Retail & E-Commerce
End-to-end walkthroughs showing how a mid-size e-commerce company uses the MATIH Platform to unify customer data, predict demand, optimize revenue, and make AI-driven strategic decisions.
Industry Context
Retail and e-commerce businesses generate some of the most diverse data in any industry. A single customer interaction can touch transactional databases, clickstream analytics, payment processors, marketing platforms, inventory systems, and shipping providers. The challenge is not data scarcity -- it is data fragmentation.

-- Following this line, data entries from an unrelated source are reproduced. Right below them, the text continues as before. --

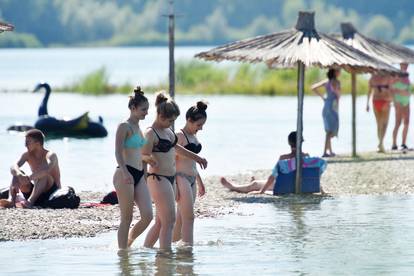 Spas od toplinskog vala: Plaže su jučer bile krcate kupačima!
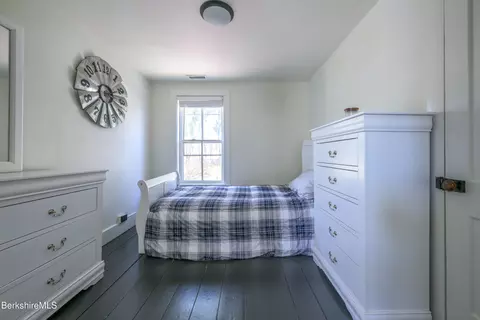 295 Prospect St, Lee, MA 01238 photo 21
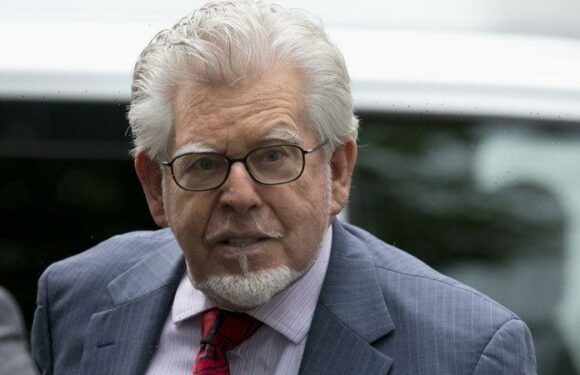 Disgraced entertainer Rolf Harris sued over alleged sexual abuse of 10-year-old girl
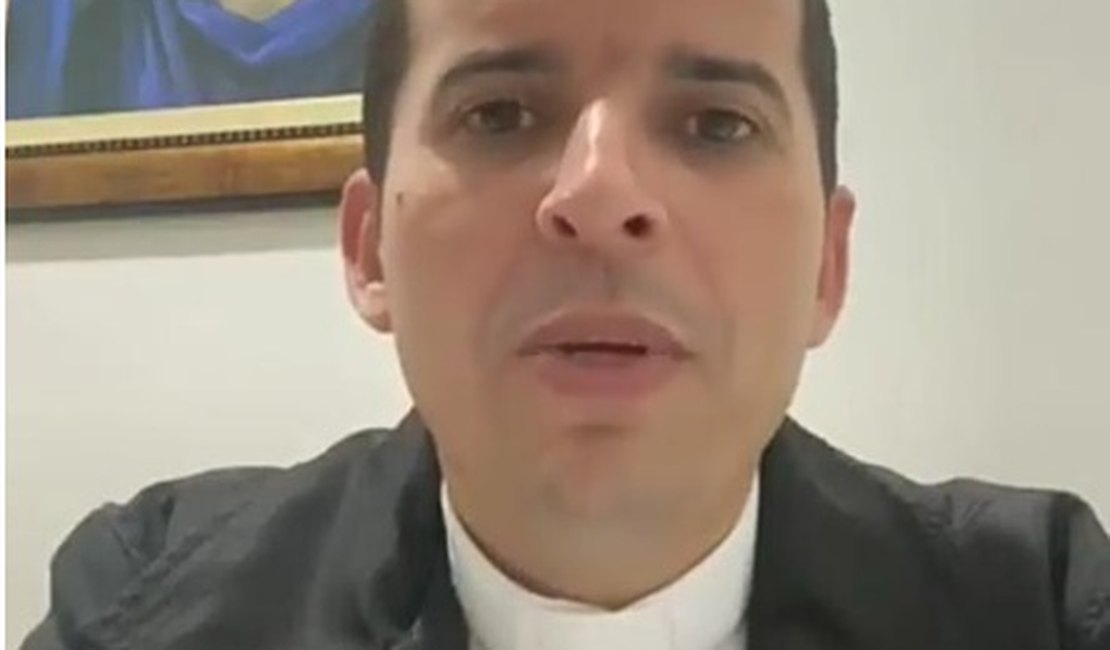 [Vídeo] Padre Fábio Freitas fala sobre episódio de jovem que quebrou imagem de Cristo em igreja de Palmeira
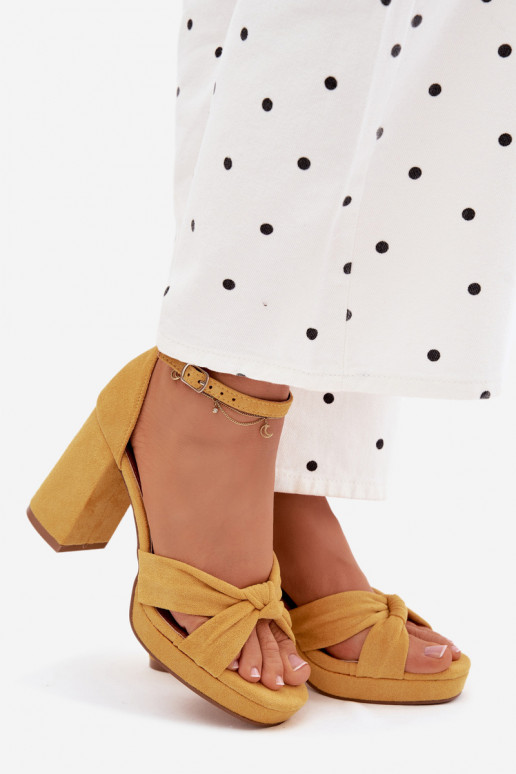 Women's Block Heel Sandals Made of Faux Suede Yellow Rosetta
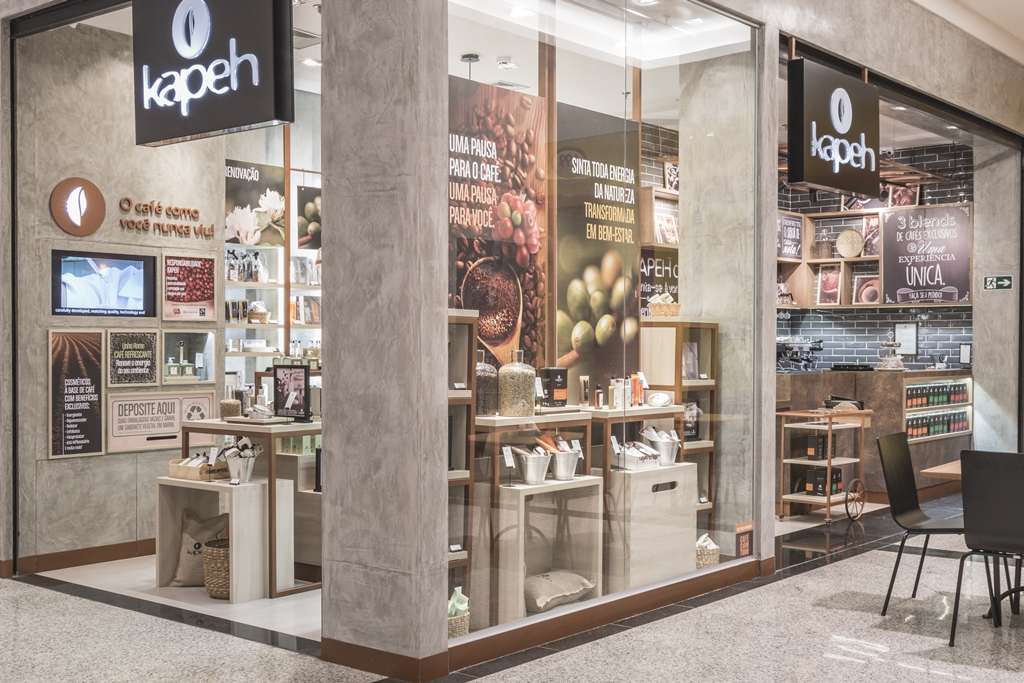 Marca de cosméticos tem loja conceito com cafeteria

Most retail teams operate with siloed tools: one dashboard for revenue, another for marketing attribution, a third for inventory. Data scientists copy CSVs between systems. Executives wait days for ad-hoc analyses. The MATIH Platform consolidates these workflows into a single governed environment where every persona -- from data scientist to CEO -- works from the same trusted data.
Company Profile: NovaMart
All walkthroughs in this section follow employees at NovaMart, a fictional mid-size e-commerce company with the following profile:
| Attribute | Value |
|---|---|
| Annual Revenue | $180M |
| Active Customers | 2.1M |
| Product SKUs | 45,000 |
| Order Volume | ~8,000 orders/day |
| Channels | Web, mobile app, 12 retail stores |
| Data Team | 4 data scientists, 2 ML engineers, 3 BI analysts, 1 VP Strategy |
Sample Datasets
These are the core datasets used across all four walkthroughs. In a production deployment, these tables live in their respective source systems and are ingested into the platform via Airbyte connectors or file imports.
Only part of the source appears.